Your task is to repeat all of the data exactly while excluding the pictures.

**RECORDED DATA**
____

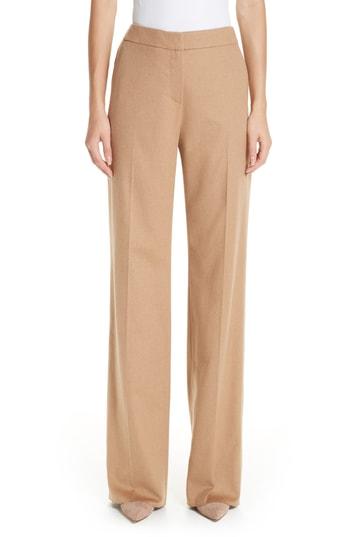 Women's Max Mara Pescia Camel Hair Pants - Brown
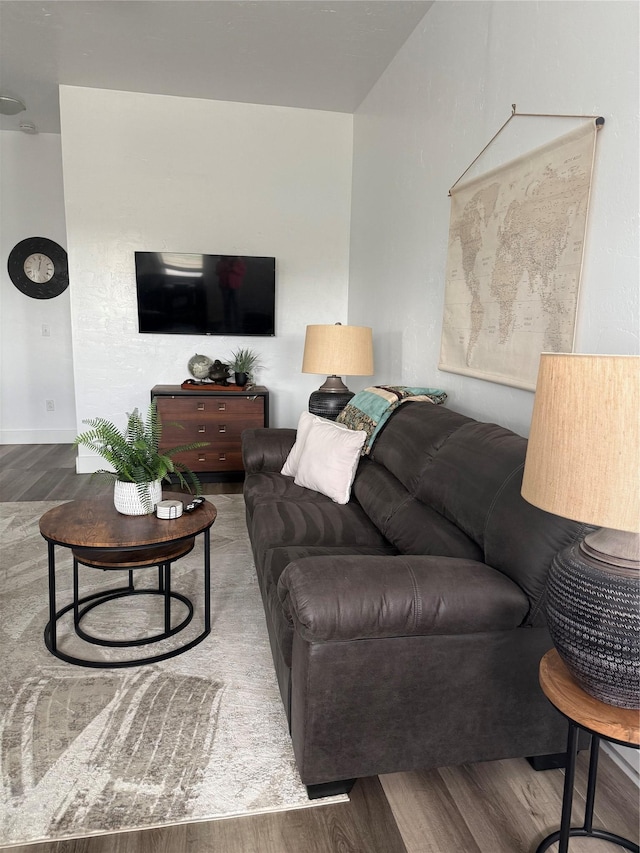 2567 Reardon Rd, Helena, MT 59602 - living area featuring wood finished floors and baseboards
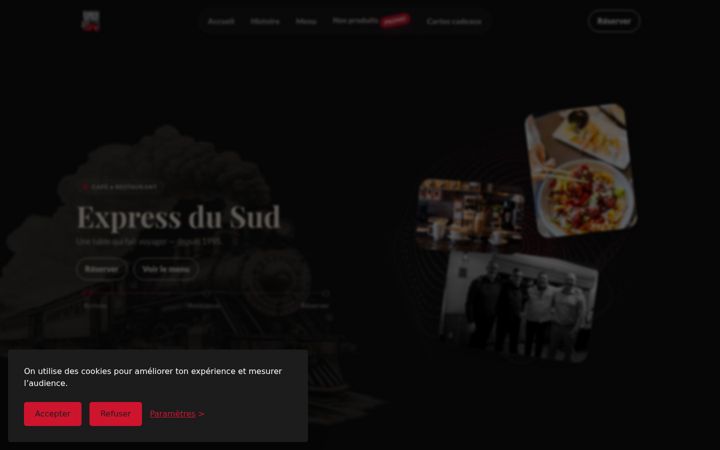 Screenshot of expressdusud.ca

____

**EXERCISE RESULT**
 Women's Max Mara Pescia Camel Hair Pants - Brown
 2567 Reardon Rd, Helena, MT 59602 - living area featuring wood finished floors and baseboards
 Screenshot of expressdusud.ca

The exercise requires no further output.